Exercise requirements.
After locating the line that contains "スペシャルバージョン Wiiリモコンプラスセット WiiU", transcribe exactly that line and each one after it until the data ends, skipping pictures.

Input data.
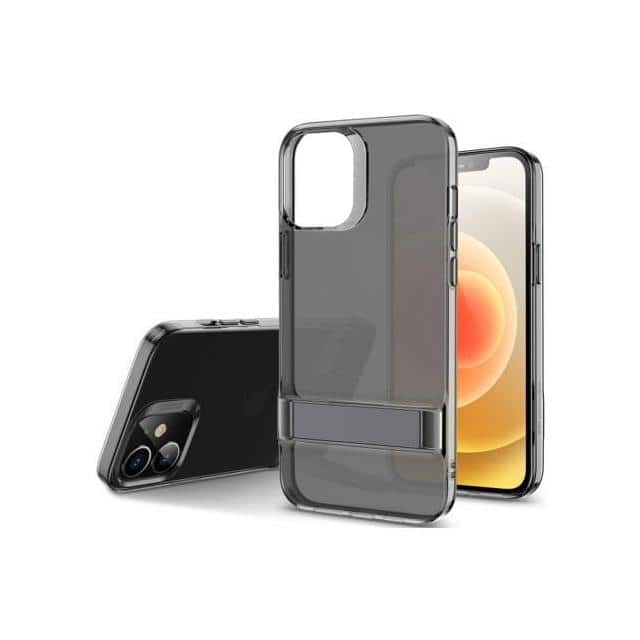 SB-A-12-5.4-AS-BK BLACK CLEAR IPHONE 12 MINI CASE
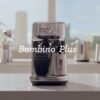 SAGE SES500BSS - The Bambino™ Plus Srebrny - Ekspres Kolbowy - obrazek 4
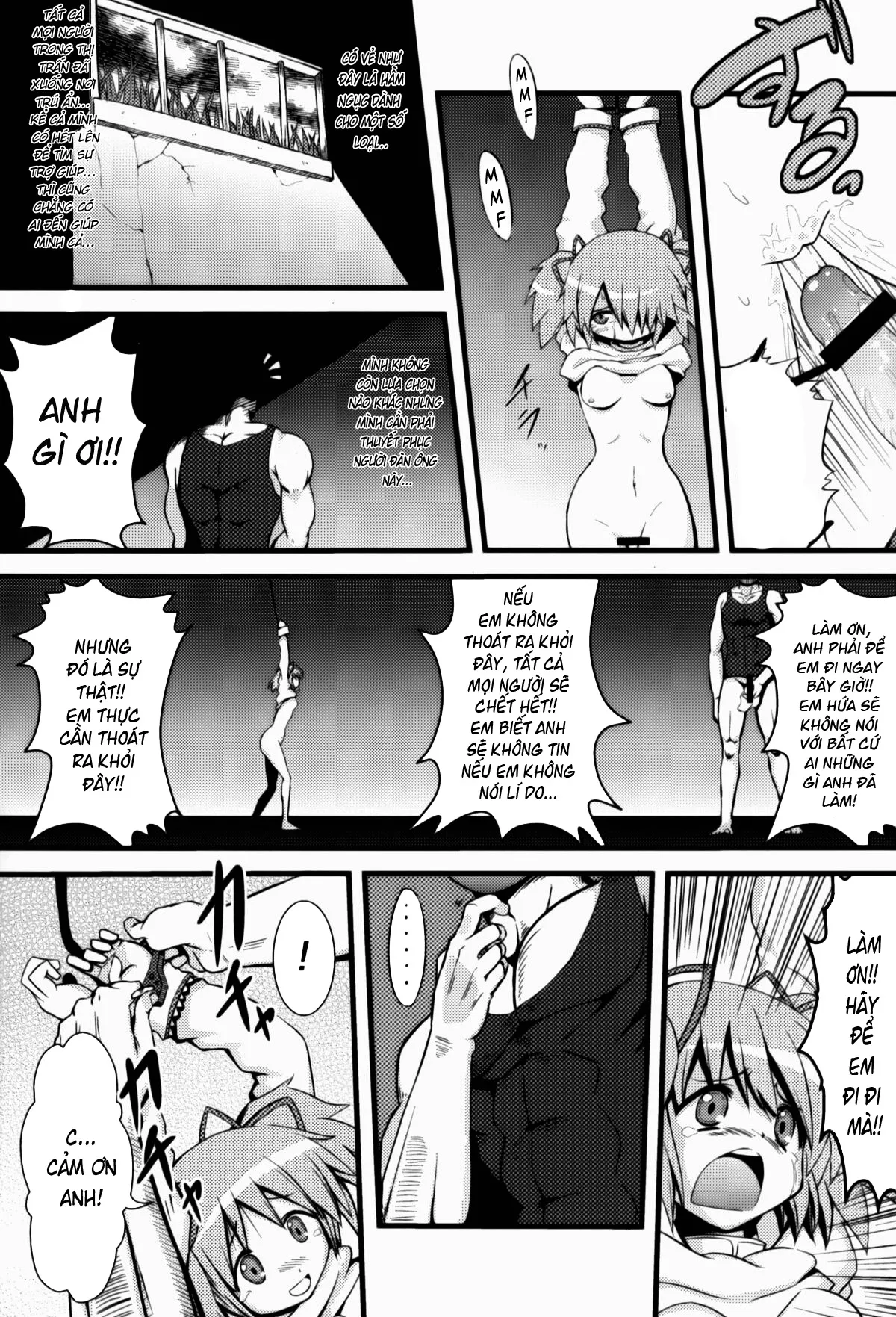 HentaiVN.net - Ảnh 8 - D no Mahou Shoujo Soushuuhen - Chap 1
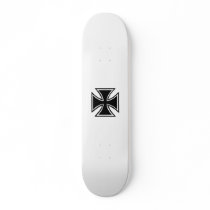 Iron cross custom skate board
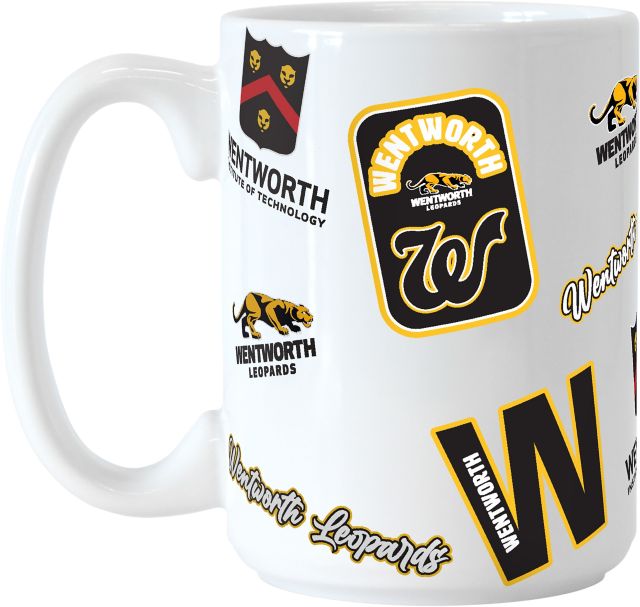 Wentworth Institute of Technology 15 oz. Mug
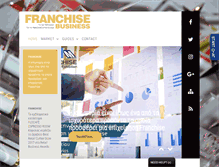 Tablet Screenshot of franchise-business.gr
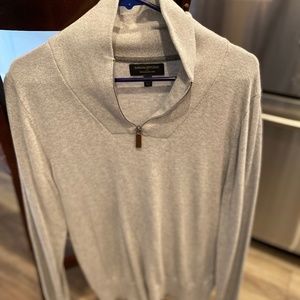 Banana Republic men’s quarter zip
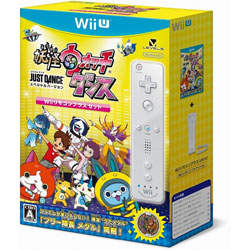 【クリックでお店のこの商品のページへ】【取得NG】妖怪ウォッチダンス JUST DANCE スペシャルバージョン Wiiリモコンプラスセット WiiU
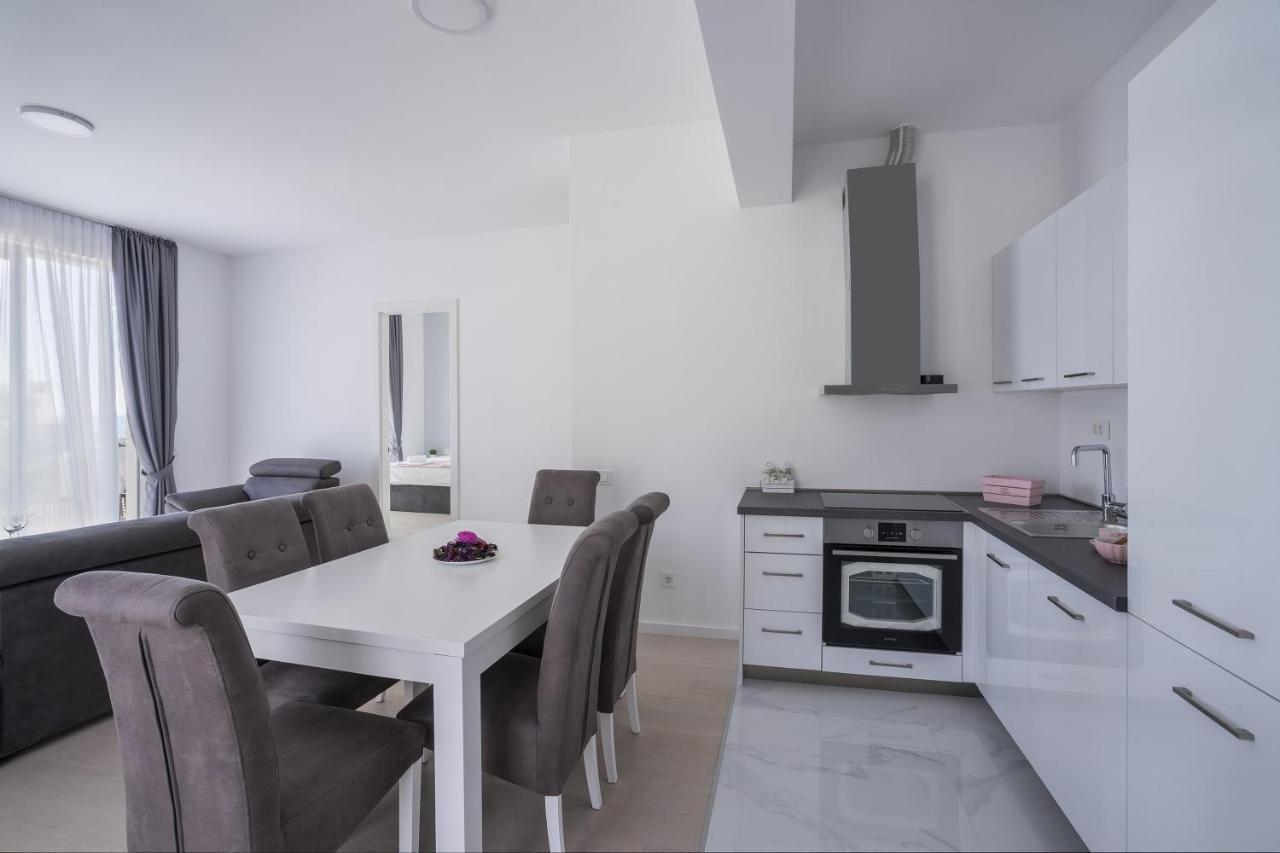 Montesun Apartments Becici Boreti Zewnętrze zdjęcie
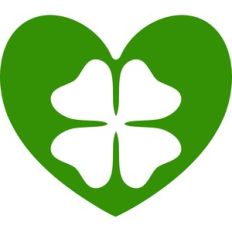 shamrock heart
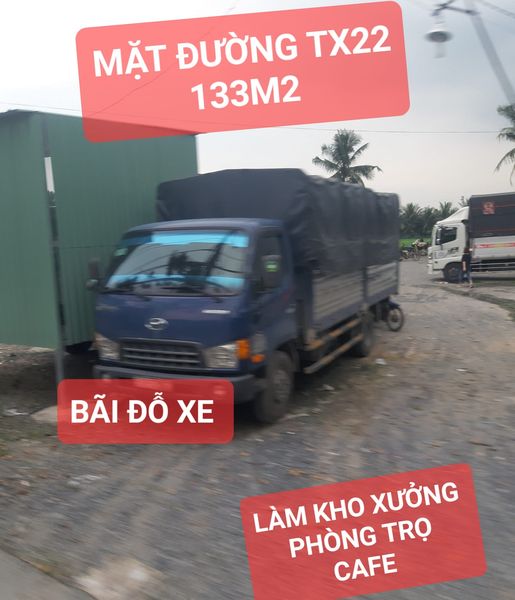133M Mặt Tiền TX22 có 2 tỷ Thạnh Xuân Quận 12 TPHCM Gấp 14131127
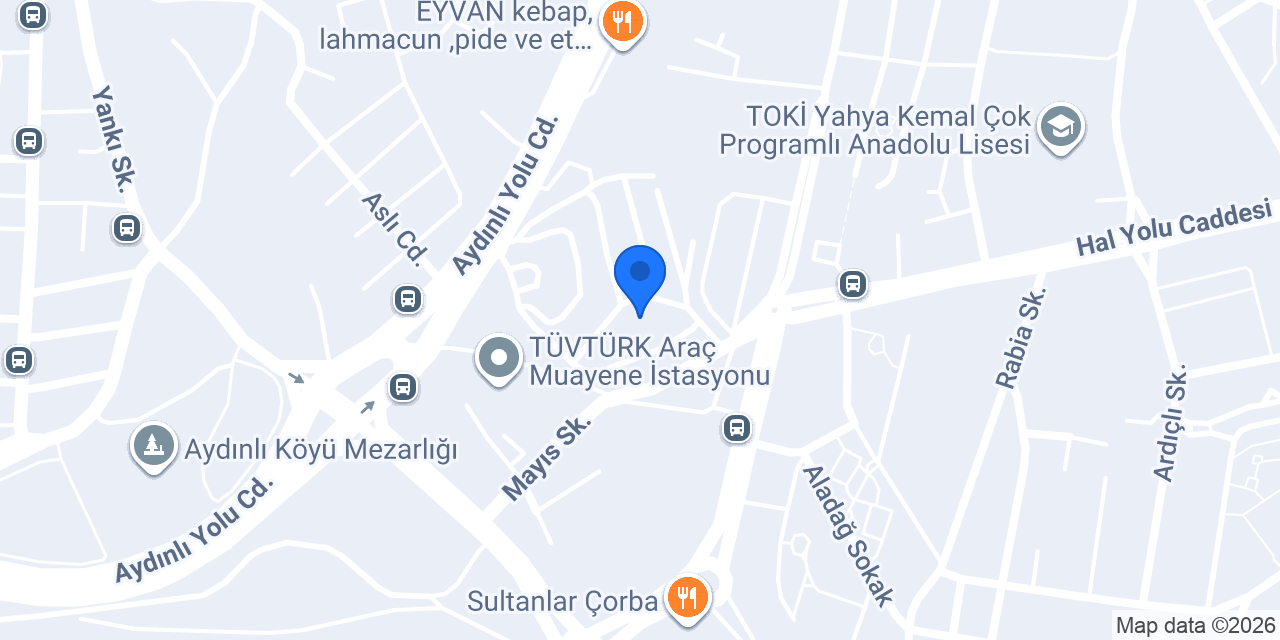 Ahsen Boya konumu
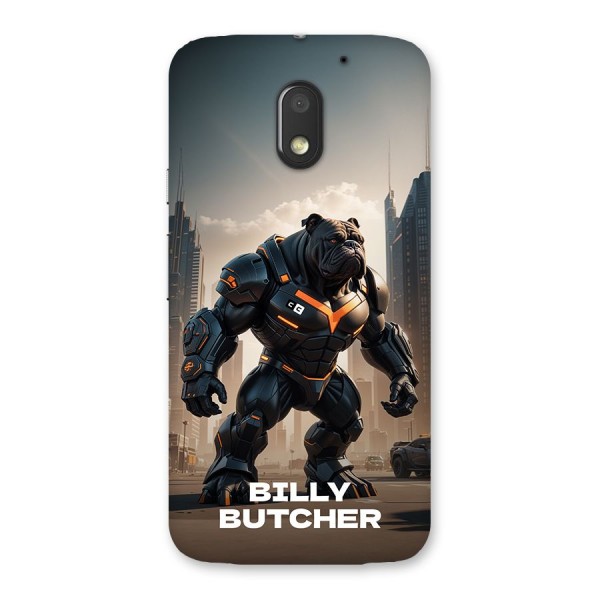 Billy Butcher Back Case for Moto E3 Power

The completed task.
 【クリックでお店のこの商品のページへ】【取得NG】妖怪ウォッチダンス JUST DANCE スペシャルバージョン Wiiリモコンプラスセット WiiU
 Montesun Apartments Becici Boreti Zewnętrze zdjęcie
 shamrock heart
133M Mặt Tiền TX22 có 2 tỷ Thạnh Xuân Quận 12 TPHCM Gấp 14131127
 Ahsen Boya konumu
 Billy Butcher Back Case for Moto E3 Power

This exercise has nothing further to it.